El segundo día en el velero Isadora amanecimos con la emoción de quien se encuentra prácticamente solo en un lugar único. Después del desayuno nos montamos en la lancha para ir hasta la playa El Yaque, presidida por sus dos palmeras que siguen meciéndose con la brisa marina. Mientras nos acercamos a la orilla, nos sentimos como cuatro exploradores que llegan a una isla desierta, antiguo refugio de piratas y de corsarios.
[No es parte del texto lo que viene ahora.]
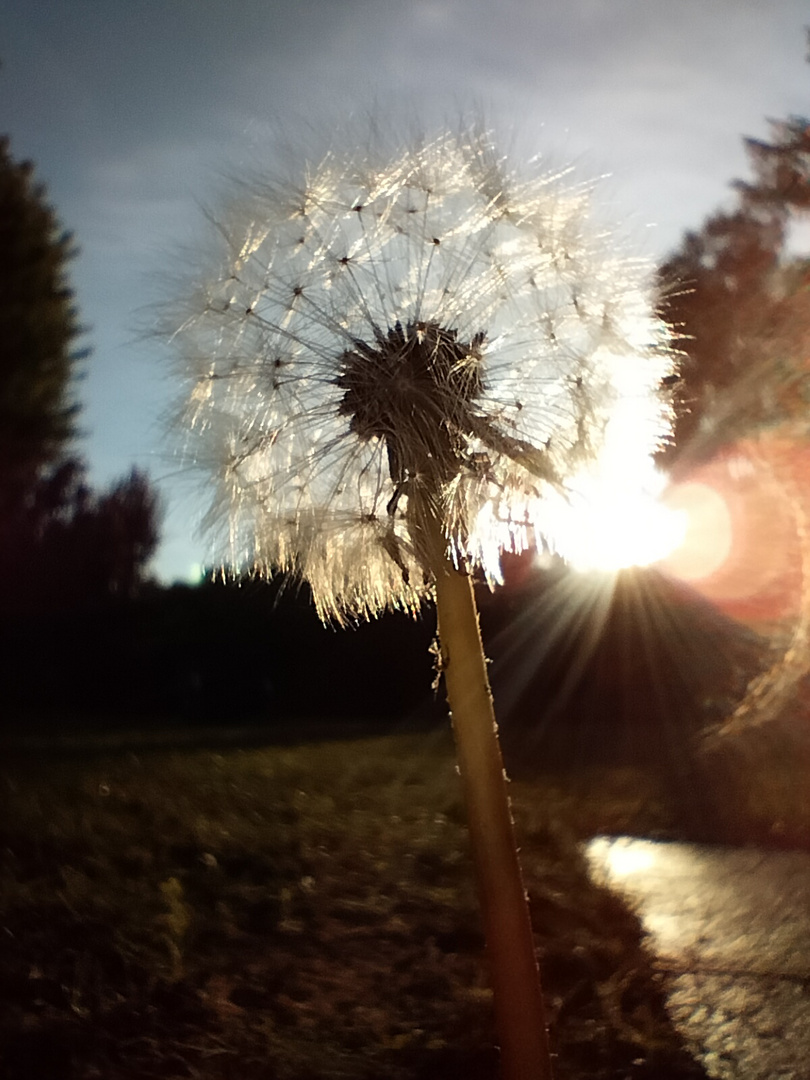 Taraxacum 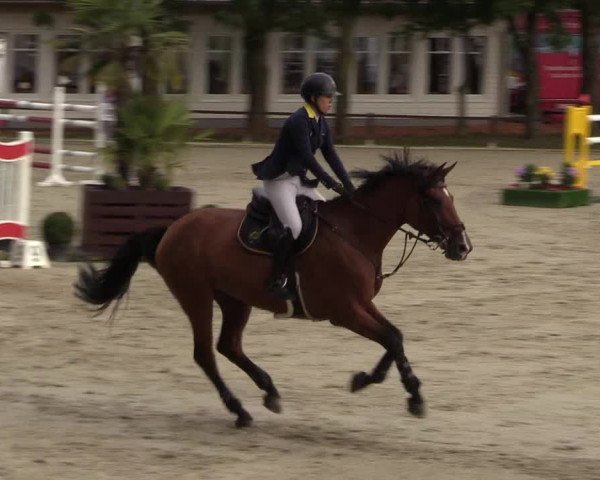 Reitturnier Schnarup-Thumby 2021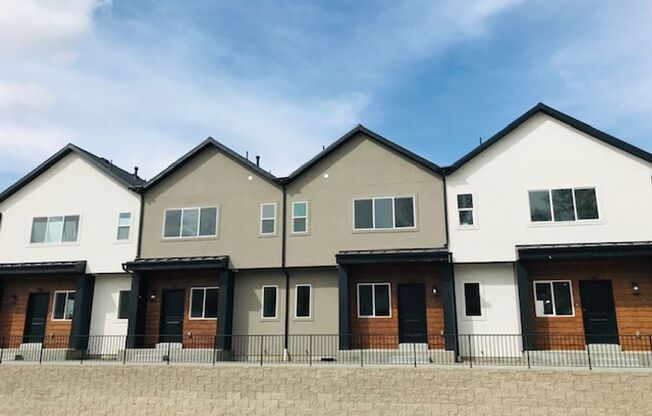 Beautiful new construction townhouse with quartz countertops and 2 car garage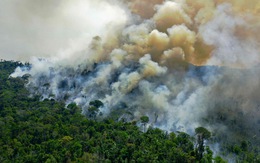 Các nhà khoa học lần đầu xác nhận: Rừng Amazon 'thải' carbon nhiều hơn mức hấp thu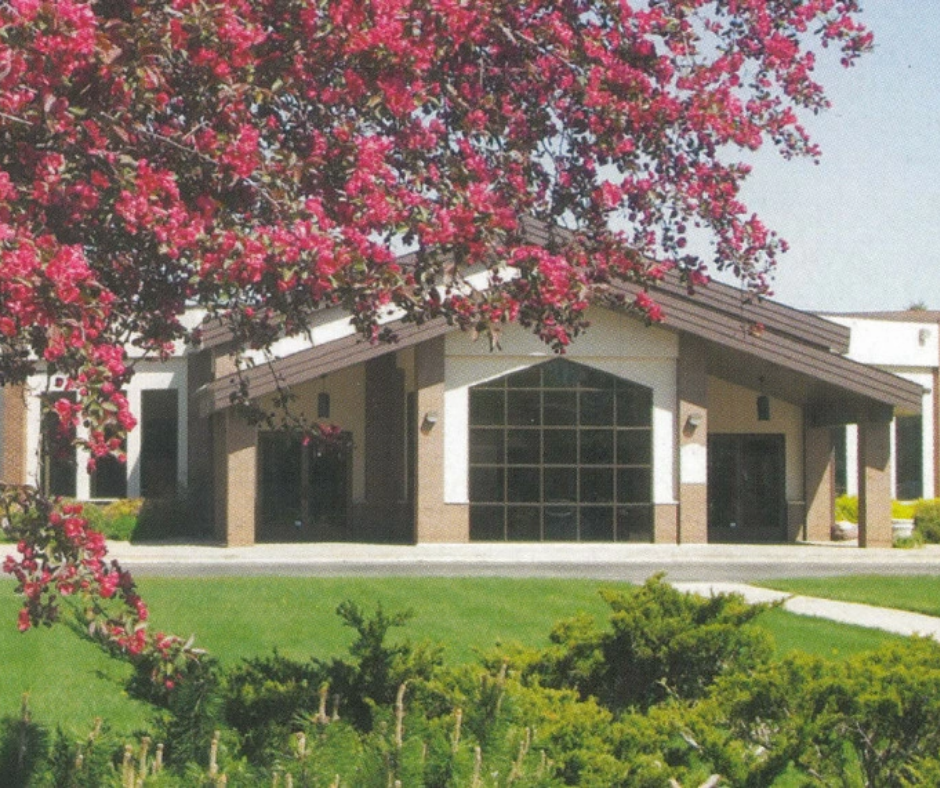 church building surrounded by pink cherry blossom trees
Nos damos un baño y paseamos por la arena hasta que llegamos a un camino elevado paralelo a la costa. Bajo nuestros pies aparecen cientos de fósiles, que delatan la bajada del nivel del mar con el paso de los siglos y la ausencia del turismo masivo. Esquivamos varios corales en forma de cerebro y otros tantos que antaño formaron parte del gran arrecife caribeño. Y nos topamos con conchas y caracoles marinos fosilizados, como si tuviéramos la capacidad de sumergirnos en un fondo marino petrificado sin máscara ni bombona de oxígeno.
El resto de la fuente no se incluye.